* [What to produce] Given the listing below, the answer must be only the number of lines containing the string "Black".

[Material supplied Boundary: Start]

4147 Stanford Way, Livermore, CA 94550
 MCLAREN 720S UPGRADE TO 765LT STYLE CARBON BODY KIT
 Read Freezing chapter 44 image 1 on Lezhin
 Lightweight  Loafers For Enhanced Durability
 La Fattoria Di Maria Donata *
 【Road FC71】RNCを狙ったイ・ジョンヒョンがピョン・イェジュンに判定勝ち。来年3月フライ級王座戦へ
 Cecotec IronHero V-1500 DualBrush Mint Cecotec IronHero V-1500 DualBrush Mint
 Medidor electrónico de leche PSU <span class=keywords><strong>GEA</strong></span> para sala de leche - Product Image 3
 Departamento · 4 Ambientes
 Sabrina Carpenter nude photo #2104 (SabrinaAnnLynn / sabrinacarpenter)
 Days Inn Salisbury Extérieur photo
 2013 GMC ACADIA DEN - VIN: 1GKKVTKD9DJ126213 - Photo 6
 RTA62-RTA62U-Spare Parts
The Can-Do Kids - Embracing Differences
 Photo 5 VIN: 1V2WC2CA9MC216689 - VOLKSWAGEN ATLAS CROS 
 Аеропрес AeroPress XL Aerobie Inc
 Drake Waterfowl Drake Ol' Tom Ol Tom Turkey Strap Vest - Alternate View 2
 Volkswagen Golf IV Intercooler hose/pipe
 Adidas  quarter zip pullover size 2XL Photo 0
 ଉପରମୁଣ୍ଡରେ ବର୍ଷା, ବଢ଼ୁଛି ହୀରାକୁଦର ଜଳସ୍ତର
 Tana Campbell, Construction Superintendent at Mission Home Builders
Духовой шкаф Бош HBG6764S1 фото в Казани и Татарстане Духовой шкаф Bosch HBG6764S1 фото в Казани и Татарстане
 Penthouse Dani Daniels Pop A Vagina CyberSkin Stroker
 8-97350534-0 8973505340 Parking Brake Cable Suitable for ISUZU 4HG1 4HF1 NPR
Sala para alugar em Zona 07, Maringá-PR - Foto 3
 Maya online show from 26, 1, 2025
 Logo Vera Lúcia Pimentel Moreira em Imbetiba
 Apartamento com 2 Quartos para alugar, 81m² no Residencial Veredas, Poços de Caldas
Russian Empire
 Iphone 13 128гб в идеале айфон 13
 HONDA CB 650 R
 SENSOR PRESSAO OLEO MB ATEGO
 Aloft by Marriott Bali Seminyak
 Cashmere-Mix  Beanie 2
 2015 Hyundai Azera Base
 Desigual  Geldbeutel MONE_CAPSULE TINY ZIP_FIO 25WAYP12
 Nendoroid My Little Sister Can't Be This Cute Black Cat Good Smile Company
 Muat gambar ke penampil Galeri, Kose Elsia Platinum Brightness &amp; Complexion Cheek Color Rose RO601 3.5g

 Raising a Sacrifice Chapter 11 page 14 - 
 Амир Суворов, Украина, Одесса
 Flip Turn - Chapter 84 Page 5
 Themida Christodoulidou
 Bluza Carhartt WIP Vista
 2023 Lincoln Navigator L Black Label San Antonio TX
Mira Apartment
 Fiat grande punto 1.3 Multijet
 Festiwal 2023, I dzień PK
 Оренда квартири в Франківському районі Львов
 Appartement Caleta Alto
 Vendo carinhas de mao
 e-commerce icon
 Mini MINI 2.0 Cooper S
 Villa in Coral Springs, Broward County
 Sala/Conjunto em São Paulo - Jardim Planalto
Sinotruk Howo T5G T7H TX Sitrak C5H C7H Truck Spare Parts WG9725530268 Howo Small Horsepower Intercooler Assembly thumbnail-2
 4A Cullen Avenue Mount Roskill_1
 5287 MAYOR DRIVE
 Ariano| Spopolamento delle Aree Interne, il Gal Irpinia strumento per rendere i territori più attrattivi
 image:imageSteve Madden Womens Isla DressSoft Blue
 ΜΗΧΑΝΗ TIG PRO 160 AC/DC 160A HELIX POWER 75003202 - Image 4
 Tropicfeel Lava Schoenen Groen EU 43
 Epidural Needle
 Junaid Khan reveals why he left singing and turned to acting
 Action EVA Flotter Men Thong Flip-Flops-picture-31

[Material supplied Boundary: End]

* [Written answer] 2